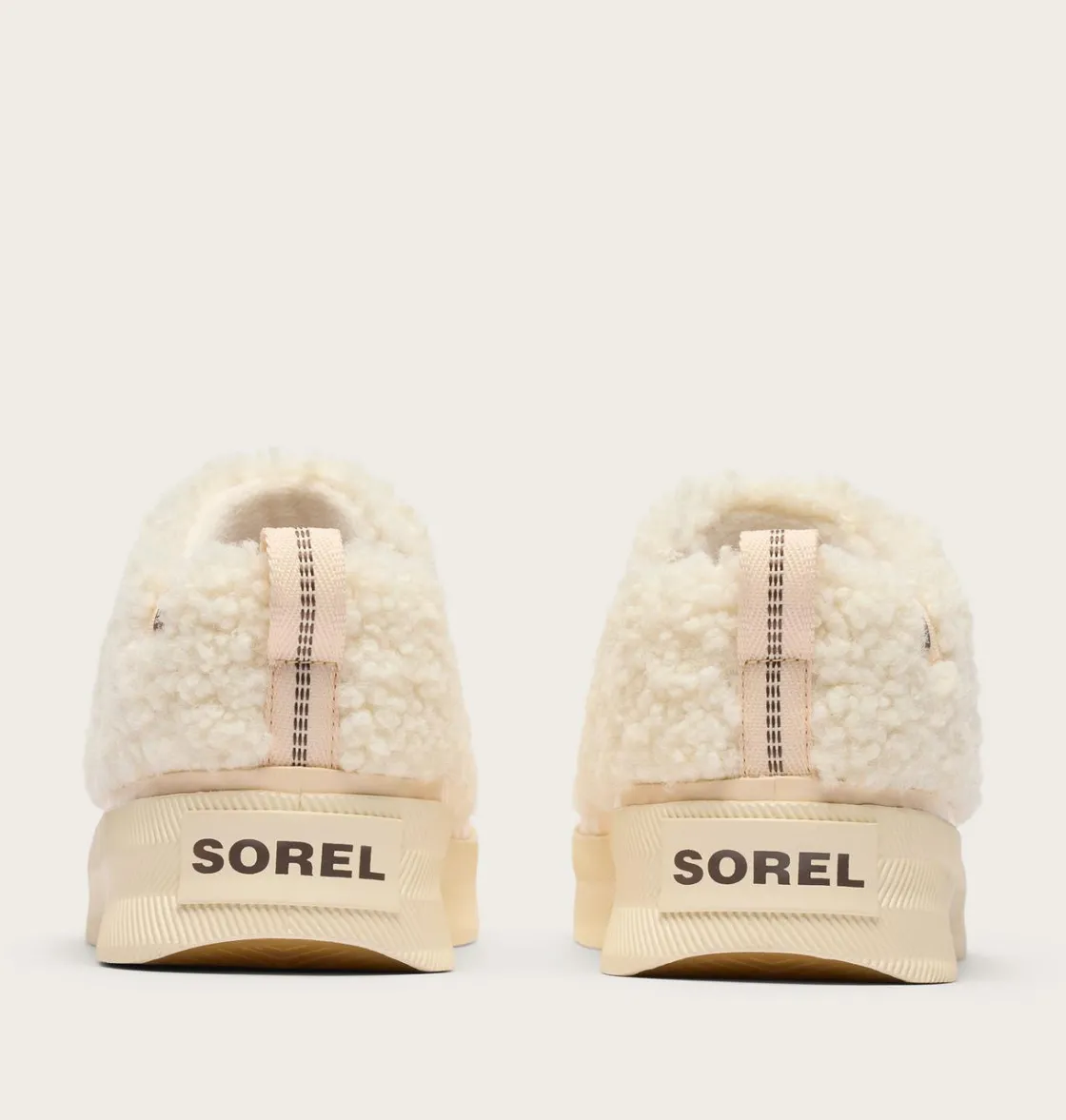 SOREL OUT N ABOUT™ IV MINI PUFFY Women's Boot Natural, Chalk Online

━━━━━━━━━━━━━━━━━━━━

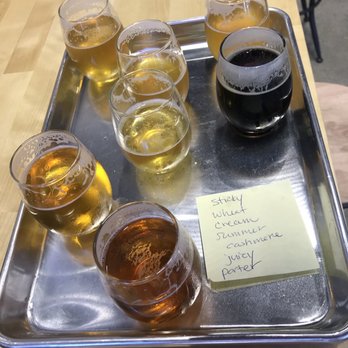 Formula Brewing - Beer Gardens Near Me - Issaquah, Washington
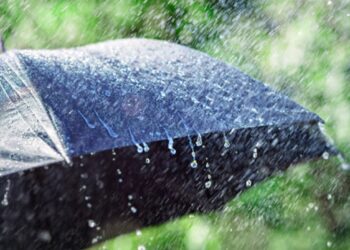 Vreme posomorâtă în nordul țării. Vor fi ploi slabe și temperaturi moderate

━━━━━━━━━━━━━━━━━━━━

Exercise objective - In the listing above, find the line containing "Formula Brewing - Beer" and the line containing "Vreme posomorâtă în", then write out both of them and every line between, exactly, with no pictures.

Exercise response -
 Formula Brewing - Beer Gardens Near Me - Issaquah, Washington
 Vreme posomorâtă în nordul țării. Vor fi ploi slabe și temperaturi moderate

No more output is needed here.